The mul operation uses two 16-bit integers and the result is added with a
separate 32-bit register, which works as accumulator. As long the operation
is always signed and the signal always use the MSB bit, this means that the
15x15 mul produces a 30 bit result which is added to a 31-bit value, which
means that the overflow is reached after only two MAC operations.

In order to avoid overflows, it is possible shift the input operands. For
example, in the case of G711 w/ u-law encoding, the effective resolution is
14 bits (13 bits for integer and 1 bit for signal), which means that a 13x13
bit mul will be used and a 26-bit result produced to be added in a 31-bit
integer, enough to run 32xMAC operations before overflow (in this case, when
the ACC reach a negative value):

# awk 'BEGIN { ACC=2**31-1; A=2**13-1; B=-A; for(i=0;ACC>=0;i++) print i,A,B,A*B,ACC+=A*B }'
0 8191 -8191 -67092481 2080391166
1 8191 -8191 -67092481 2013298685
2 8191 -8191 -67092481 1946206204
...
30 8191 -8191 -67092481 67616736
31 8191 -8191 -67092481 524255
32 8191 -8191 -67092481 -66568226

Is this theory correct? I am not sure, but looks good! :)

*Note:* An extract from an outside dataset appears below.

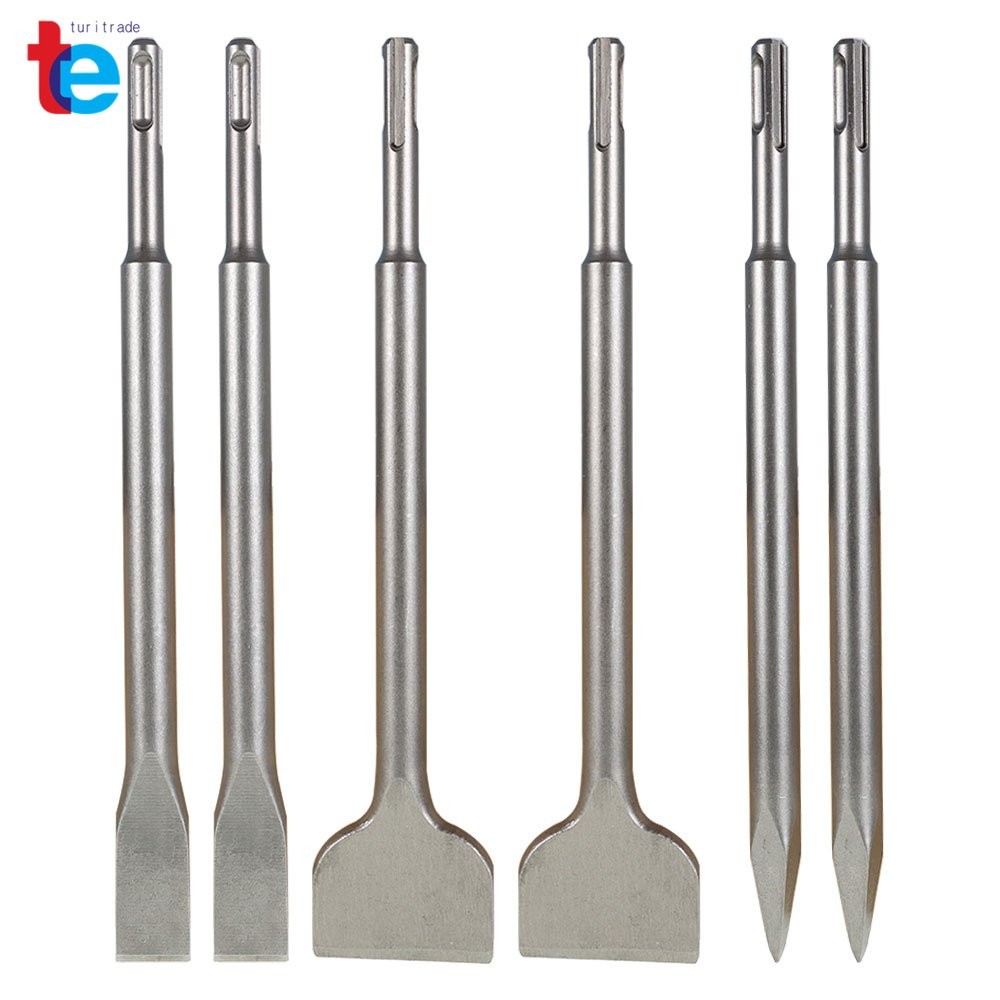 Concrete Drill Bit Set Includes Point Chisel + 20mm & 40mm Flat Chisel 6-Pack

As complement, I included in the stdio.c the support for the GCC functions
regarding the native *, / and % (mul, div and mod) operations with 32-bit
signed and unsigned integers, which means true 32x32 bit operations
producing 32-bit results. The code was derived from an old 68000-related
project (as most of code in the stdio.c) and, although is not so faster, I
guess it is working. As long the MAC instruction is better defined in the
syntax and features, I think is possible optimize the mul/div/mod in order
to try use it and increase the performance.

Here some additional performance results (synthesis only, 3-stage
version) for other Xilinx devices available in the ISE for speed grade 2:

- Spartan-6: 100MHz (measured 70MIPS w/ gcc -O1)
- Artix-7: 178MHz
- Kintex-7: 225MHz

For speed grade 3:

- Spartan-6: 117MHz
- Artix-7: 202MHz
- Kintex-7: 266MHz

The Kintex-7 can reach, theorically 186MIPS w/ gcc -O1.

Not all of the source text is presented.